Billie Holiday elegantly walks onto stage, takes one diaphragm-engaging breath, and begins her song. Soft jazz plays behind her, making a haunting feeling creep over the audience. “Black bodies swingin’ in the Southern breeze / Strange fruit hangin’ from the poplar trees,” her bell-like voice sings.
A young Bob Dylan quickly strums his acoustic guitar, his raspy voice working like a bird call to the audience. “You fasten all the triggers / For the others to fire / Then you set back and watch / When the death count gets higher,” he sings.
Zach de la Rocha of the band Rage Against the Machine wipes his brow, the pulsing of crunchy electric guitar and pounding drums filling his ears. He raises the microphone and screams the chorus, “You justify those that died / By wearing the badge / They’re the chosen whites.”

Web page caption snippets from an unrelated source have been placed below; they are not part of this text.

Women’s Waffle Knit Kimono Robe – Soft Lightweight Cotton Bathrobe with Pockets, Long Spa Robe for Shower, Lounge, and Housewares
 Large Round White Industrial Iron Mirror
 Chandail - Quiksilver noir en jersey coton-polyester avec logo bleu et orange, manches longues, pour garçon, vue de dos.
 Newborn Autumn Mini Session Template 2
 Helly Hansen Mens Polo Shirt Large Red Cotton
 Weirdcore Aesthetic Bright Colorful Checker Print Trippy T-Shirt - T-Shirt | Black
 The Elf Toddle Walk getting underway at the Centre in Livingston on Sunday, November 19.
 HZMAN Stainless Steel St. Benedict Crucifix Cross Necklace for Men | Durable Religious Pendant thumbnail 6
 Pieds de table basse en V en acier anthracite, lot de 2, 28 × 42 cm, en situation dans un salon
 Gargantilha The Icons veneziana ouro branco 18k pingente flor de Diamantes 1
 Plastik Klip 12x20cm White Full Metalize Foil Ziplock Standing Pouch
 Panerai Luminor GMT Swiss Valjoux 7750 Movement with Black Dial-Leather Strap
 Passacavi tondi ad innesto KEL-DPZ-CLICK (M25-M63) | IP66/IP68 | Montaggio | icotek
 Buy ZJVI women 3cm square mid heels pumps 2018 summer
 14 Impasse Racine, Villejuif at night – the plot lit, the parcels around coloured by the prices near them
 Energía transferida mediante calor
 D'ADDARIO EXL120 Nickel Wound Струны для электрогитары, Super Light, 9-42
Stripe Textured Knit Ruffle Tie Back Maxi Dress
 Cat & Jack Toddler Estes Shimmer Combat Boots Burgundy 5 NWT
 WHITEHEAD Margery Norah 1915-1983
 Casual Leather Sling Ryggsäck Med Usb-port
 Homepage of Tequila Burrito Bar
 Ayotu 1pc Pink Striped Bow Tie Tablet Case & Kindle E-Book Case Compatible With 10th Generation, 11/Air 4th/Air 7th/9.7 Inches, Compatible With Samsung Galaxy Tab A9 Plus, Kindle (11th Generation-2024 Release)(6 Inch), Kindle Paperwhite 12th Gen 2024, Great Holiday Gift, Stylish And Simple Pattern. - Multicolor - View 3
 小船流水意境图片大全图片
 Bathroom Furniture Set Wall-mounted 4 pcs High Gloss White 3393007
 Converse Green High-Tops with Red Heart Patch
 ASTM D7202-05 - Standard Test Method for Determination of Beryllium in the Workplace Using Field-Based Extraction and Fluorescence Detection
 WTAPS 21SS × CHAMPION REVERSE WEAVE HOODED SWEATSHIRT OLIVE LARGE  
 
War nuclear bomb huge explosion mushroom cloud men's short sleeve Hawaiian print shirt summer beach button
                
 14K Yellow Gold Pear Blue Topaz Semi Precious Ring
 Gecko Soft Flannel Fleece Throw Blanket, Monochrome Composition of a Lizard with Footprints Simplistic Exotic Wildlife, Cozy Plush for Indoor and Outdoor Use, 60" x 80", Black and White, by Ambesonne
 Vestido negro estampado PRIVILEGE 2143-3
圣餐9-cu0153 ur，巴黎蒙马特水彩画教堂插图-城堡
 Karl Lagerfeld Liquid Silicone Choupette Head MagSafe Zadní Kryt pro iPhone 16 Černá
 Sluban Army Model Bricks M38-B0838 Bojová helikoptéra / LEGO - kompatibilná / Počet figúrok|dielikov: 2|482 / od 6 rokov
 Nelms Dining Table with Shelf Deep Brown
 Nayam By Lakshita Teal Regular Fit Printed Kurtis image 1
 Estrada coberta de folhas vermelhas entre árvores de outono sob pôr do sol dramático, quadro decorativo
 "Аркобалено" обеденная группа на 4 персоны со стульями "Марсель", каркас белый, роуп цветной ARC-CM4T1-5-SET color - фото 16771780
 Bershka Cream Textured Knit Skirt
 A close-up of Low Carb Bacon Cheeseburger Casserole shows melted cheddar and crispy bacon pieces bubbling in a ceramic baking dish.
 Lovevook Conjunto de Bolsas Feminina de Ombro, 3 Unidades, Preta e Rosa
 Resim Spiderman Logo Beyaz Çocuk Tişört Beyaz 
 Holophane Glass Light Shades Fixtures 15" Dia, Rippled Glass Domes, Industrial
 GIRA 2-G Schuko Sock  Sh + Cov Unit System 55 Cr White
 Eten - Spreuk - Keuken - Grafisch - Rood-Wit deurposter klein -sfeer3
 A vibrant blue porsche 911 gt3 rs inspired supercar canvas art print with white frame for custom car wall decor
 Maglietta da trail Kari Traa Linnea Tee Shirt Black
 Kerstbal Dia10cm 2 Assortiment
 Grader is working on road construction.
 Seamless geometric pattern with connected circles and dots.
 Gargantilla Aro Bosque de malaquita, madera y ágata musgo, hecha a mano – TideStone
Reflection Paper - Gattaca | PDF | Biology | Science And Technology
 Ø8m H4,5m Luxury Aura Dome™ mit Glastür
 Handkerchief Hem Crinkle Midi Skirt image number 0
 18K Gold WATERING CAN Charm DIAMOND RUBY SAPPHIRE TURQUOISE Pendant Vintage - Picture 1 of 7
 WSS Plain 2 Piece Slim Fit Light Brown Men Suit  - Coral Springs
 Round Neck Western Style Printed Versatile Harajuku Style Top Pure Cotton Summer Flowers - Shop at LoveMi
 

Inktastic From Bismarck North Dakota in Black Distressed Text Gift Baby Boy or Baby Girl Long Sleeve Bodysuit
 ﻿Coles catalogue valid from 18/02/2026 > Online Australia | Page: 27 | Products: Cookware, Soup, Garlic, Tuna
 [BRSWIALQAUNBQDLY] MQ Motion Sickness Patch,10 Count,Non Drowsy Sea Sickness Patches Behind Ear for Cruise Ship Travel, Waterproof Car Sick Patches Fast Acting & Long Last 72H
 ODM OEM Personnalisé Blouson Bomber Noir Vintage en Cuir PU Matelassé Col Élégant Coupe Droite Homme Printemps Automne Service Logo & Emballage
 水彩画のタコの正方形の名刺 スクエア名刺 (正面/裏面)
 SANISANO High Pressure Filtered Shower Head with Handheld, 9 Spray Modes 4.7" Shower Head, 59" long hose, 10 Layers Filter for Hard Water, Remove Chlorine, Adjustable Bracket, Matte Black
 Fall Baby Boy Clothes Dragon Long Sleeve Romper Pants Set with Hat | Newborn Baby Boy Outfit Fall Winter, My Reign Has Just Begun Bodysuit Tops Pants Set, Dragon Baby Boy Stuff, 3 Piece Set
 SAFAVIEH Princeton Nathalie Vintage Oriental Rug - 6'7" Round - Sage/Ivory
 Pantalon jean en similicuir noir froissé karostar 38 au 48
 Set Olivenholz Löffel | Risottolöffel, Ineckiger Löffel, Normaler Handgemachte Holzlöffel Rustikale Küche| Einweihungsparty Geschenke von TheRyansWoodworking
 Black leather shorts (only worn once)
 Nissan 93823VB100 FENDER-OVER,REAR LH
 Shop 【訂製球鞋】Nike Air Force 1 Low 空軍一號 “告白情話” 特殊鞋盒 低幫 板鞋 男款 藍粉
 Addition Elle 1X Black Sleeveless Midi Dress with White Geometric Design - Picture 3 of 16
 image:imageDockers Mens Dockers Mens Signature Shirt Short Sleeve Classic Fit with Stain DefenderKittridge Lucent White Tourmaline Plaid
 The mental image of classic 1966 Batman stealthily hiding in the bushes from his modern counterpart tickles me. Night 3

Childish Gambino smiles into the camera as he dances to a light and cheery tune before he absentmindedly shoots a blindfolded bystander. He looks back to the camera. “This is America / Don’t catch you slippin’ now,” he sings.
Political, or protest, music has been a part of American culture since the country’s origin. From “Yankee Doodle Dandy” to Tyler Childers’ 2020 release, “Long Violent History,” this subgenre of art has stood the tests of time. With the death of George Floyd, OLU of the group EARTHGANG released a cover of Marvin Gaye’s “What’s Going On,” demonstrating its relevance.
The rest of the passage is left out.